The U.S. Department of Education’s misrepresentation regulations, which are slated to go into effect on July 1, 2011, create a significant risk when it comes to performance-based (CPL) Internet marketing. The rules bring a whole new meaning to what constitutes misrepresentation. Specifically these amendments will:
- Expand the scope of misrepresentation to include “any statement that has the likelihood or tendency to deceive or confuse” and “any communication made in writing, visually, orally, or through other means.
- Extend institutional liability for misrepresentation to acts by a “representative” of the college or university, and by parties under an agreement with the college or university “to provide educational programs, marketing, advertising, recruiting, or admissions services.
- Expand the list to whom misrepresentation can be made to include “any member of the public.”
- Expand the list of defined misrepresentation within the four existing categories of: 1) description of educational programs, 2) financial charges, 3) employability of graduates, and 4) relationship with the Department of Education.
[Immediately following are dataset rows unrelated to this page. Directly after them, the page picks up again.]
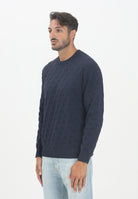 CALVIN KLEIN JEANS Maglioncino girocollo blu da uomo caratterizzato da una lavorazione in rilievo con motivo CK LV04RC359GDYF  CALVIN KLEIN JEANS 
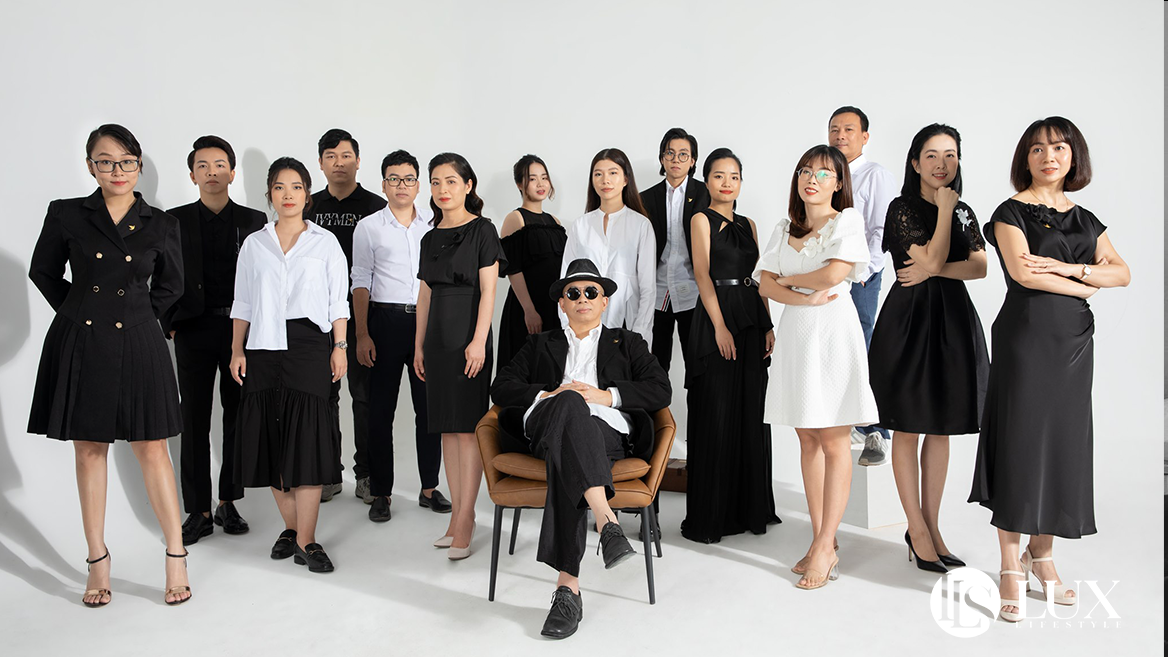 lux-nguyen-vu-linh-nguyen-vu-anh-ivy-moda-1642647142.png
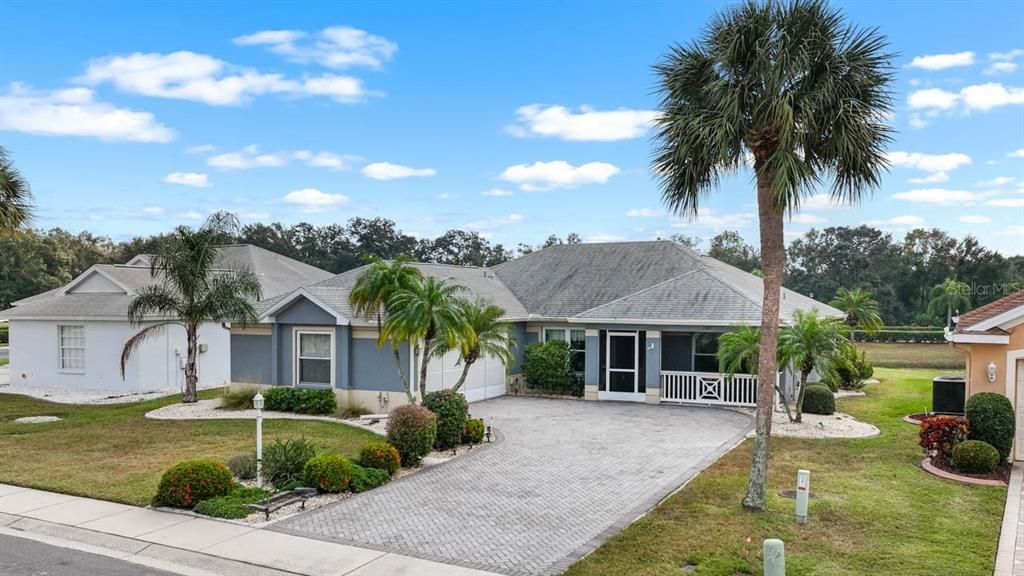 待售: $330,000 (2 贝兹, 2 浴室, 1603 平方英尺)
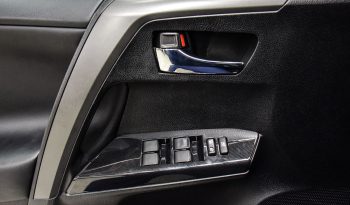 2016 Toyota RAV4 SE full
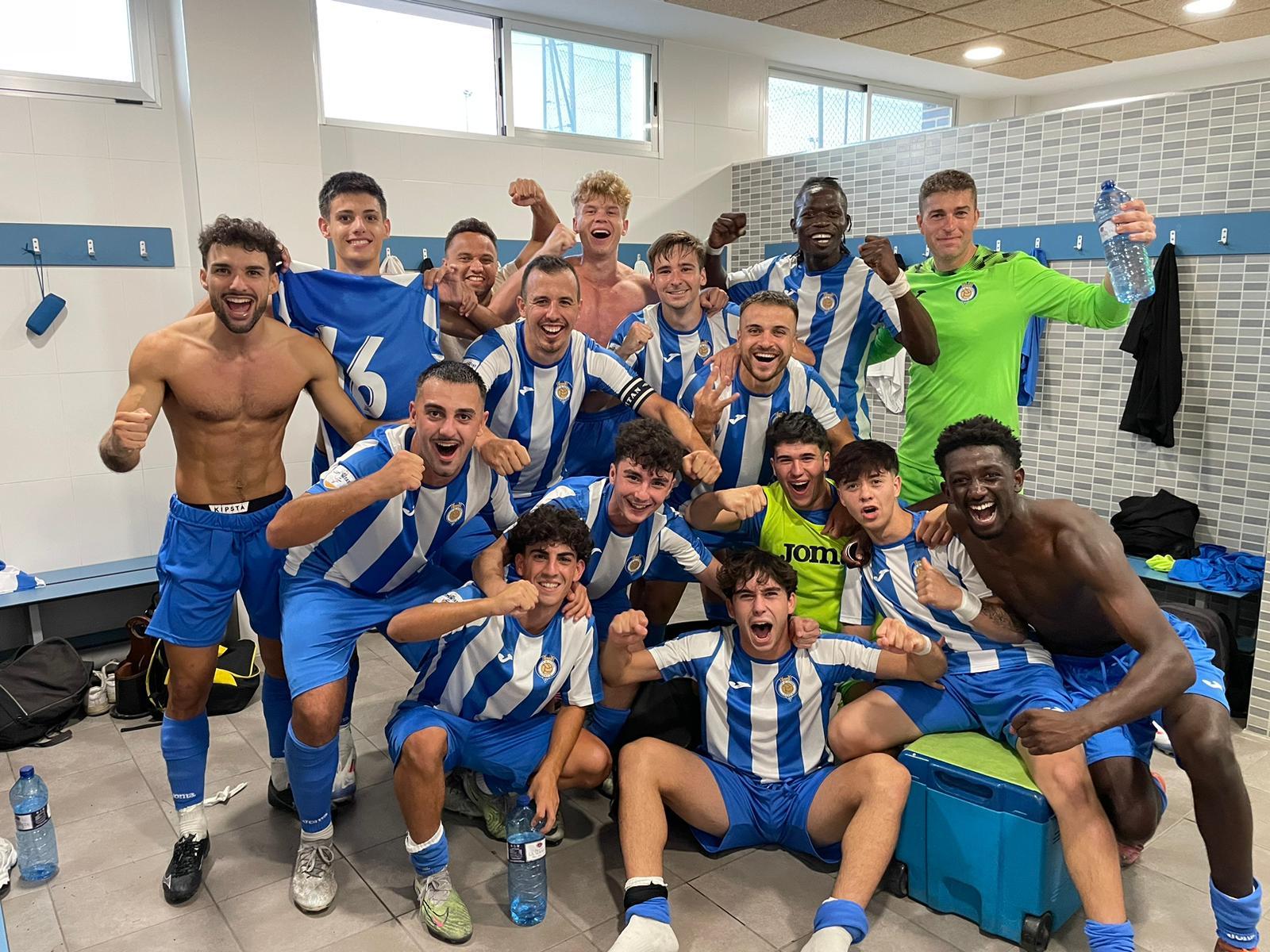 Los jugadores del CF Gandia celebran la victoria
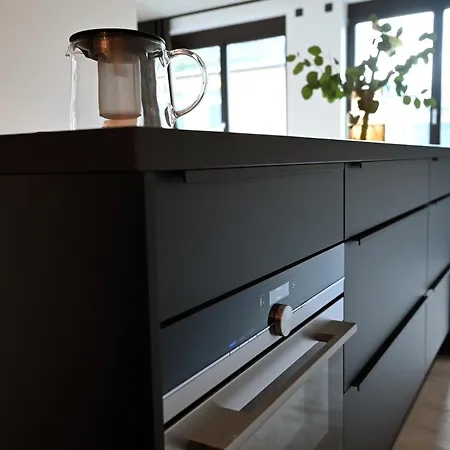 Daire Eiwelhome - Stilvoll, Urban-ruhig Schlafen, Bahnhofsnah, Balkon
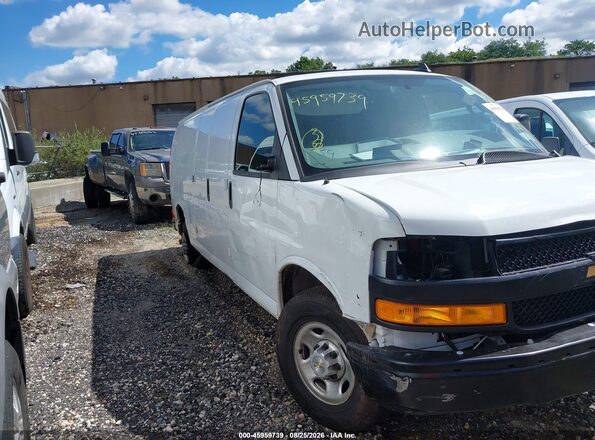 1GCWGBFP7S1134815 2025 CHEVROLET EXPRESS White უკანა სალონის ხედი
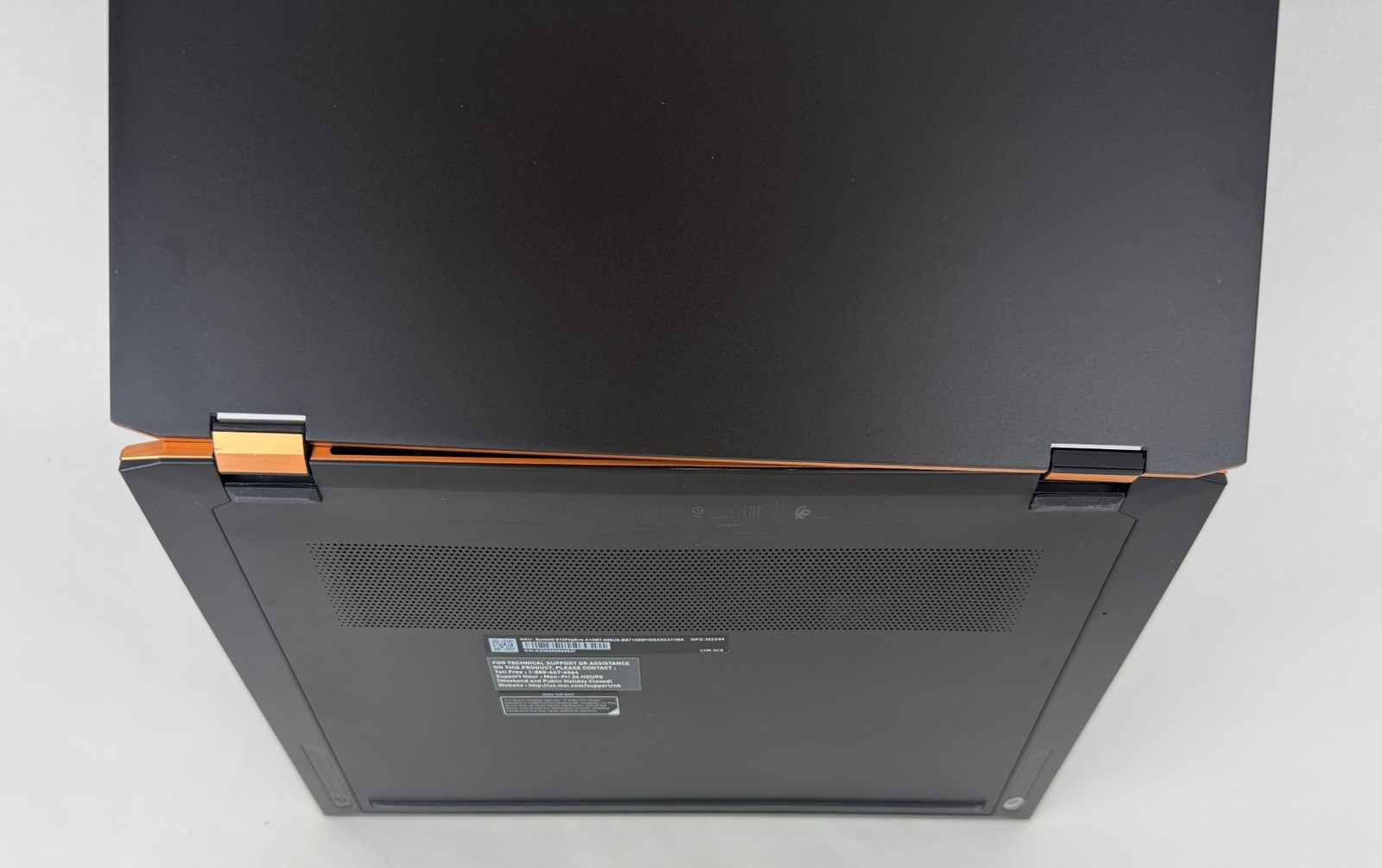 MSI Summit E13 Flip Evo A12M 13.4″ FHD+ Touch i7-1280P 16GB 1TB W11H hinge Issue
- Increase the sanctions available to the Department to include limitation or revocation of Title IV eligibility or denial of applications for new Title IV eligibility
The new rules present a number of ways to unintentionally misrepresent. Now more than ever schools need to be particularly mindful to review and control the messaging they, and their partners, distribute to prospective students through all channels. The bottom line is that colleges need deeper visibility into their leads and greater control of the process.